▶ **Work instruction**
Nothing outside the range is to be copied. From the entries below, reproduce exactly the lines starting at the one with "Psicoanálisis sin diván" and ending at the one with "Manual rivet gun, rivet", without pictures.

▶ **The input**
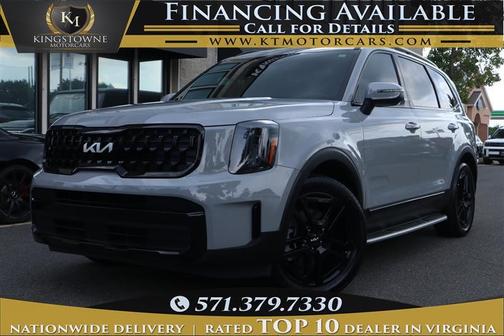 2024 Kia Telluride EX X-Line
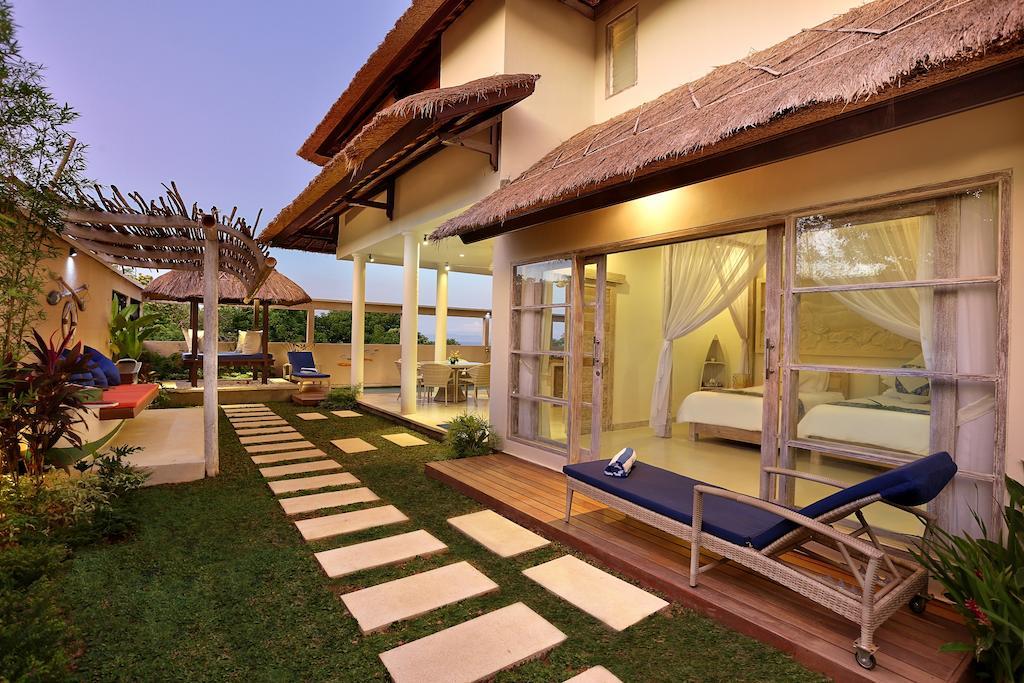 Villa Bukit Nusa Lembongan Exterior photo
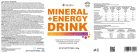 i:am Mineral+Energy Drink Tropical íz 1500g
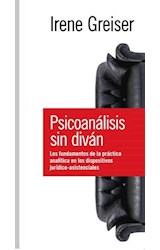 Psicoanálisis sin diván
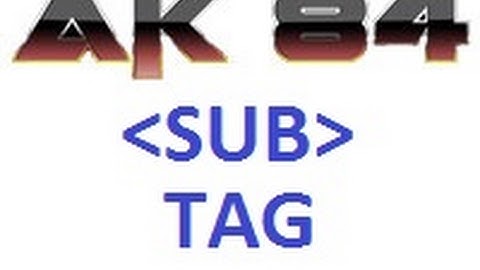 html 5 tutorial in hindi 108 sub tag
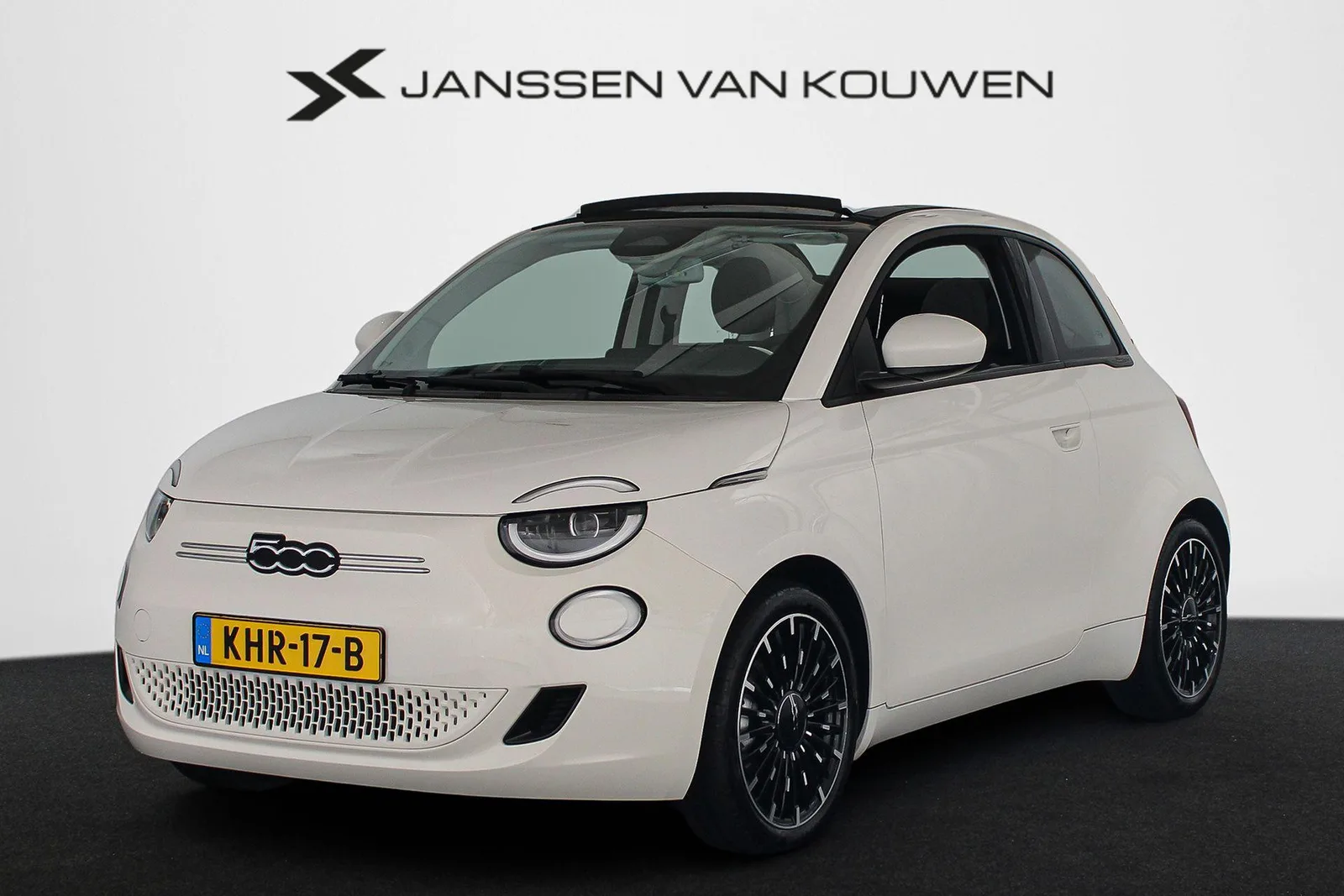 Fiat 500C (2023) — foto 1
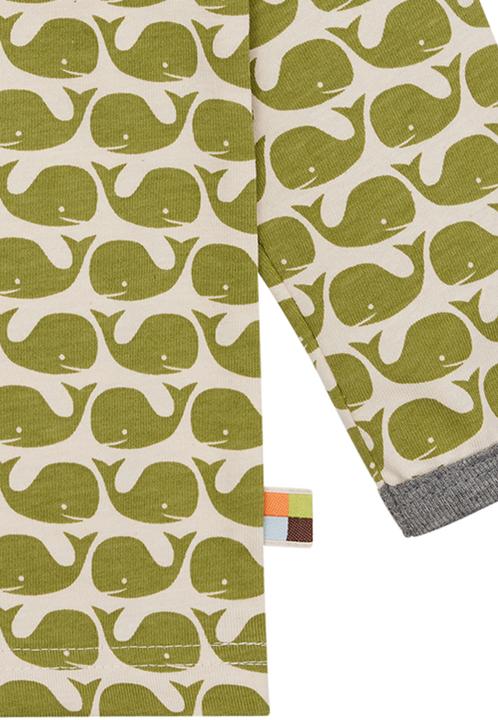 Actual product image loud + proud Shirt long sleeve (80)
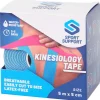 Kinzo Gezondheid^Sport Support Kinesiology Tape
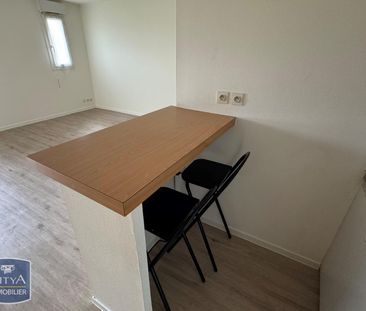 Location Appartement 1 pièce 29m² POITIERS 86000 - Photo 6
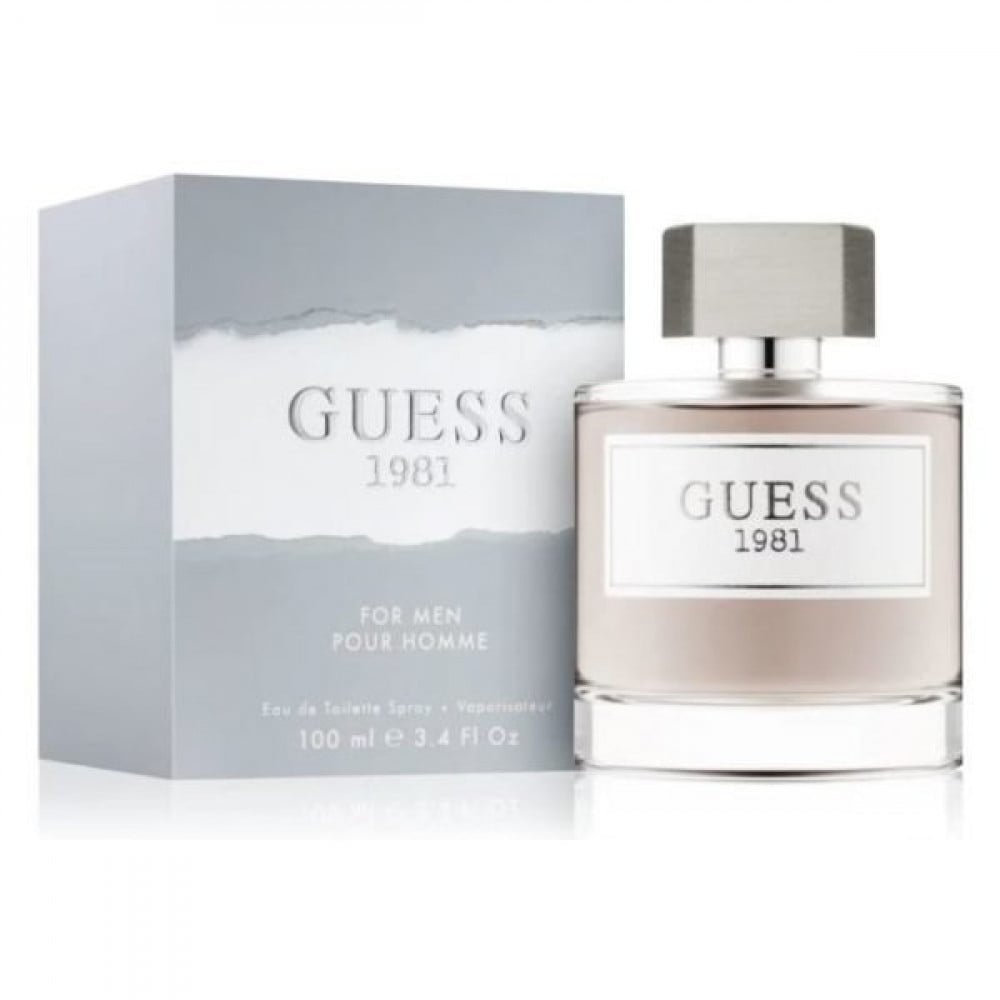 عطر 1981 بورهوم من جيس للرجال- أو دو تواليت 100مل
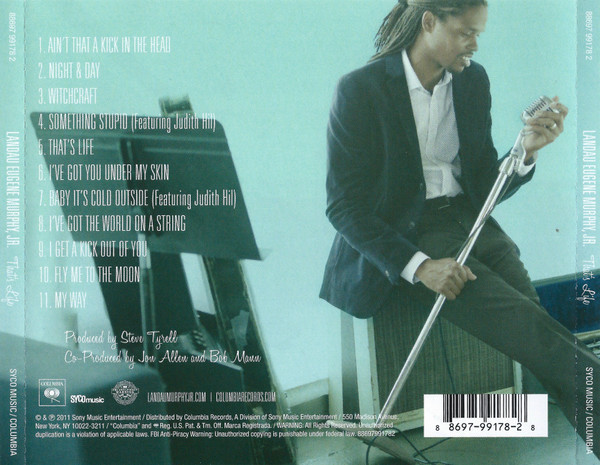 Landau Eugene Murphy, Jr. - That's Life | Columbia (88697 99178 2) - 2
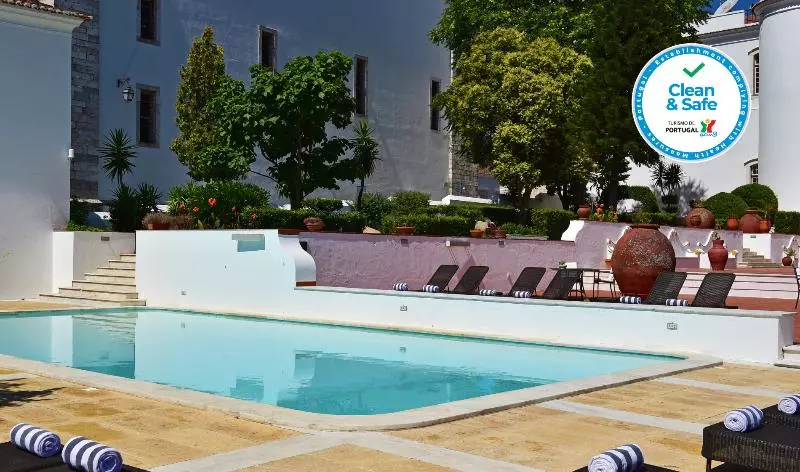 Fotos del hotel Pousada Castelo De Estremoz:  3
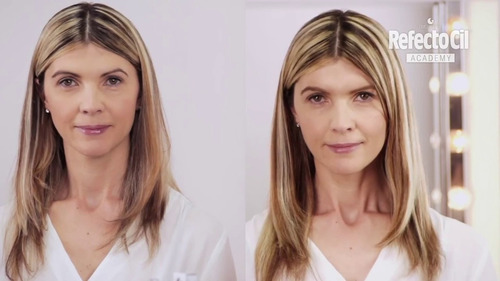 Imagem 7 de 9 de Tinta Tintura Sobrancelhas Refectocil 0 Blonde Brow - 15ml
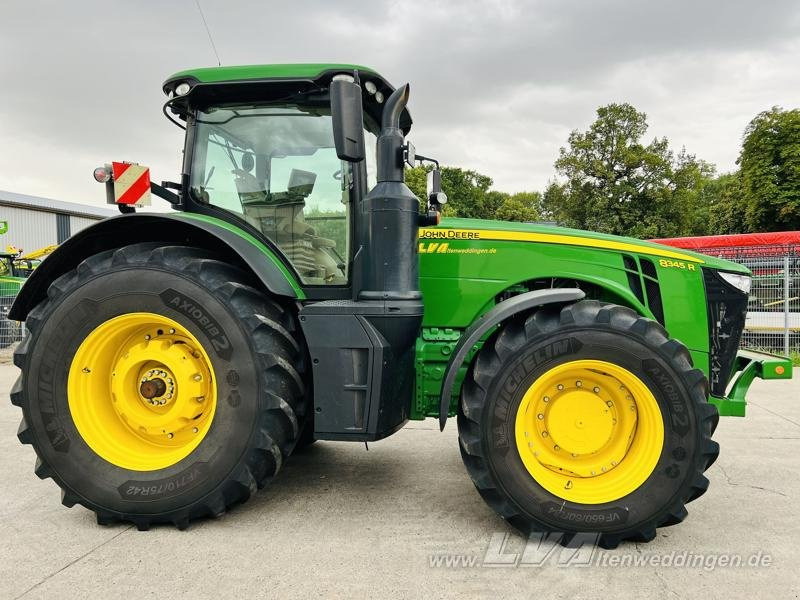 John Deere 8345R E23 PowerShift - Traktor: slika 4 John Deere 8345R E23 PowerShift - Traktor: slika 4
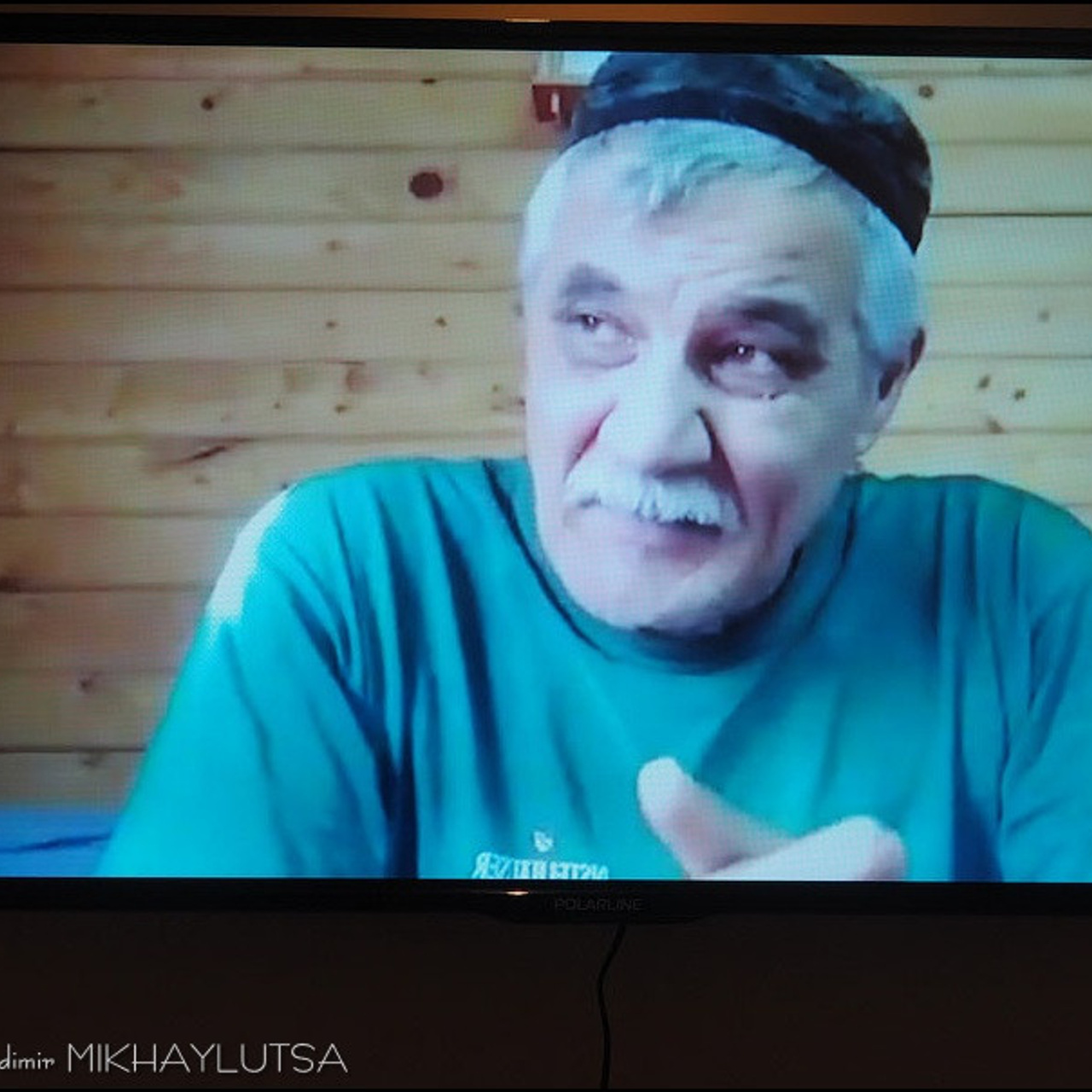 Бахтияр «ОРЛИК И ДРУГИЕ» - Люминография - luminografia.ru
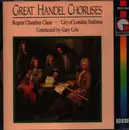 CD - Händel - Great Händel Choruses
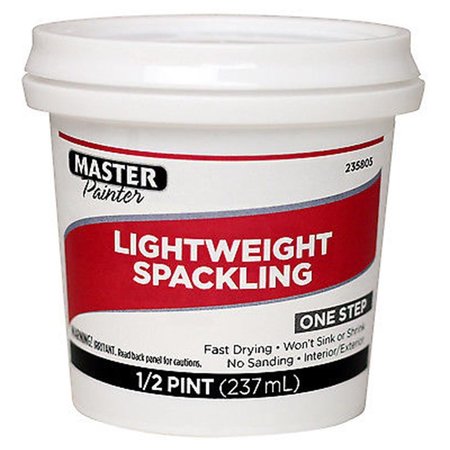 DAP Master Painter 0.5 PT Fast Spackling 235805
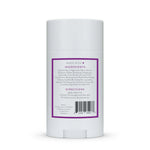 Natural Deodorant, Lavender and Rose, Aluminum Free, 2.65 Oz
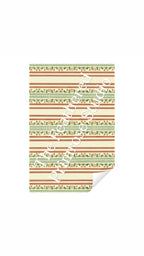 Christmas Wrapping Paper Sheet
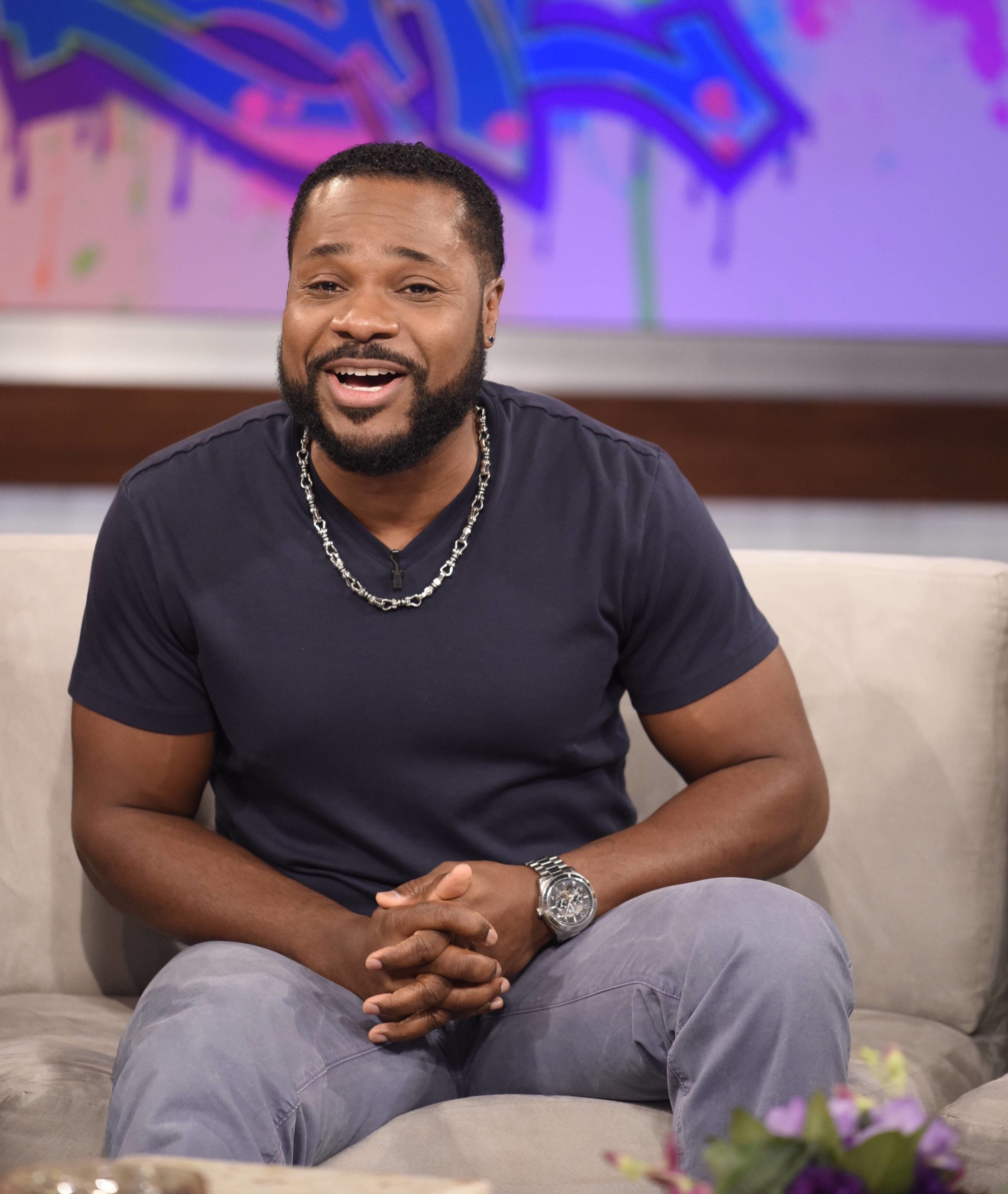 Malcolm-Jamal Warner Says Cosby Is Villainized, While Woody Allen, Others G...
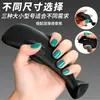 Tapón Anal de Silicona Negra con Forma de Delfín para Usar Afuera, Tapón Anal para Expansión Anal, Juguete Sexual Alternativo para Hombres Gays, Dropshipping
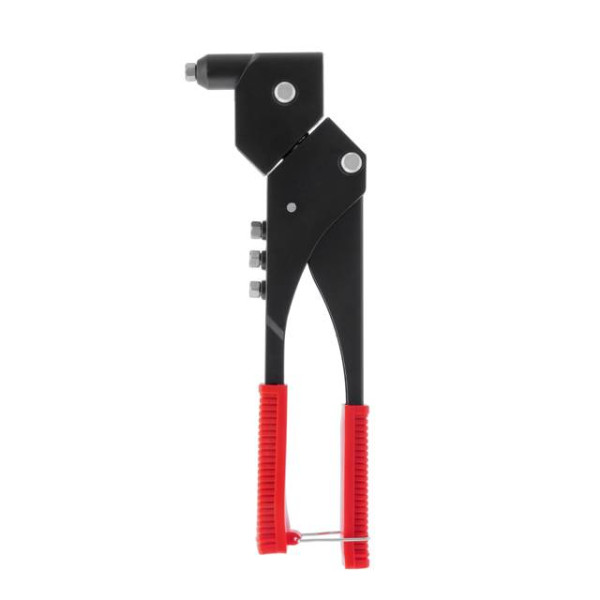 Manual rivet gun, rivet diameter 3.2; 4; 4.8 mm (with 360° rotation) Intertool RT-0003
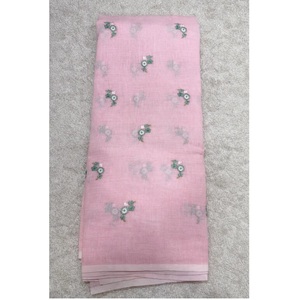 Tela de bordado malté, tela textil personalizada de lujo, tela de red, tela de organza para prendas de moda, venta al por mayor, exportación, suministro global - Product Image 1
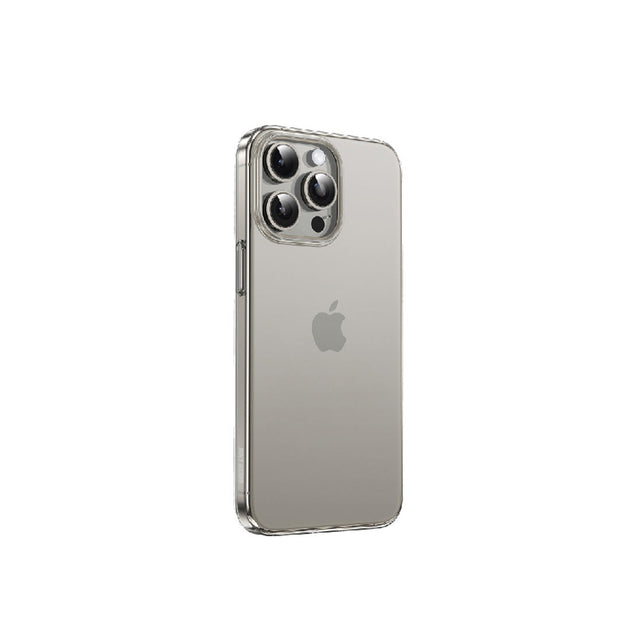 כיסוי שקוף Green Lion Delgado Plus לאייפון 15 / 15 Plus (6.1″) – שקוף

▶ **Exercise output**
 Psicoanálisis sin diván
 html 5 tutorial in hindi 108 sub tag
 Fiat 500C (2023) — foto 1
 Actual product image loud + proud Shirt long sleeve (80)
 Kinzo Gezondheid^Sport Support Kinesiology Tape
 Location Appartement 1 pièce 29m² POITIERS 86000 - Photo 6
 عطر 1981 بورهوم من جيس للرجال- أو دو تواليت 100مل
 Landau Eugene Murphy, Jr. - That's Life | Columbia (88697 99178 2) - 2
 Fotos del hotel Pousada Castelo De Estremoz:  3
 Imagem 7 de 9 de Tinta Tintura Sobrancelhas Refectocil 0 Blonde Brow - 15ml
 John Deere 8345R E23 PowerShift - Traktor: slika 4 John Deere 8345R E23 PowerShift - Traktor: slika 4
 Бахтияр «ОРЛИК И ДРУГИЕ» - Люминография - luminografia.ru
 CD - Händel - Great Händel Choruses
 DAP Master Painter 0.5 PT Fast Spackling 235805
 Natural Deodorant, Lavender and Rose, Aluminum Free, 2.65 Oz
 Christmas Wrapping Paper Sheet
 Malcolm-Jamal Warner Says Cosby Is Villainized, While Woody Allen, Others G...
 Tapón Anal de Silicona Negra con Forma de Delfín para Usar Afuera, Tapón Anal para Expansión Anal, Juguete Sexual Alternativo para Hombres Gays, Dropshipping
 Manual rivet gun, rivet diameter 3.2; 4; 4.8 mm (with 360° rotation) Intertool RT-0003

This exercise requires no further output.